The conditions further north were much more favorable. So with a couple of hitchhikes from Mammoth, we joined up with the Sierra High Route in Yosemite. We started early afternoon and got through the Gaylor Lakes region. We explored the structures and remains of the Great Sierra Mine.
Our day ended near Maul Lake and we had our first fire of the entire trip. A great morale booster after a rough couple of days.
Day 35 – Maul Lake to Spiller Creek
Cowboy camping wasn’t such a great idea. I woke up cold and covered in frost in the middle of the night and it took a long time to get back to sleep.After a slow start, we climbed steeply up a grassy chute before ascending the east ridge of Mount Conness. We were treated to awesome views into the valley beyond.
Then we made our way down to Cascade Lake for a quick snack. Resting before the daunting looking climb to Sky Pilot Col. It was not as daunting as it seemed and proved a fun challenge.
The descent was different.
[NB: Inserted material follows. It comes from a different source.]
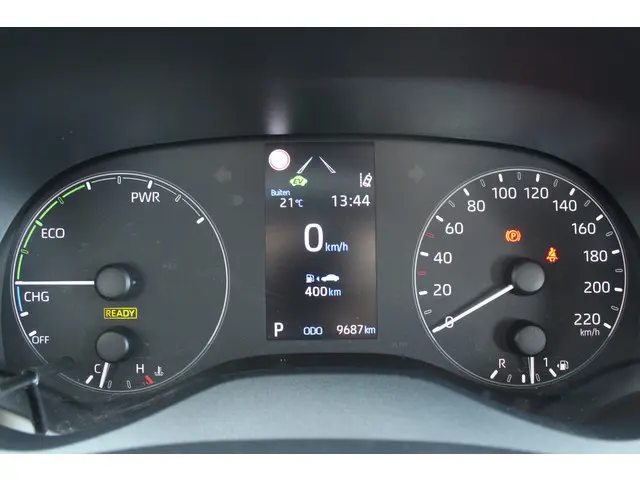 Toyota Yaris 1.5 Hybrid Active 2022 Hybride Benzine 16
Long, arduous, talus and snow. And did I say long? It was really long. We ate a late lunch at Shepherd Lake. After a post-lunch nap, we continued descending into forested Virginia Canyon. The pleasantness wouldn’t last as we made a steep ascent the other side up endless slabs.
Sometime later and with a turn west we reached Stanton Pass. An easy climb but a slow and arduous descent down to camp. A hard-fought day with lots of ascending and descending.
But Steve Roper really delivers with the Sierra High Route.
Day 36 – Spiller Creek to Twin Lakes – The end of the Sierra High Route & the trip
Our final night on the trail was a cool one. Condensation turned to frost. We woke and started up towards Horse Creek Pass. Eric and Sonic decided they wanted to climb “The Matterhorn”. The Northern Sierra’s highest peak. I was quite content to stay at the bottom, dry gear, and drink coffee back inside my sleeping bag.
Upon their return, we popped over the pass and began the long descent. Some steep talus and route-finding ensued but nothing too crazy. It was just the amount of descent that wore on the knees at almost 4000 feet over five miles down to Twin Lakes.
I found myself with a big smile on my face as I navigated the last few switchbacks down to the Mono Village campgrounds. A real sense of achievement and somewhat of a relief. Having hiked over 400 burly miles through the Sierra and pushed myself for 36 days.
We celebrated with high fives and ice cream sandwiches. Before hitching to Bridgeport and back to “real life”.
That was the Sierra High Route!
Hopefully this trip report gave you some insight into what it’s like when hiking the Sierra High Route. The SHR and our summer 2019 trip in general was a tough one but oh so rewarding.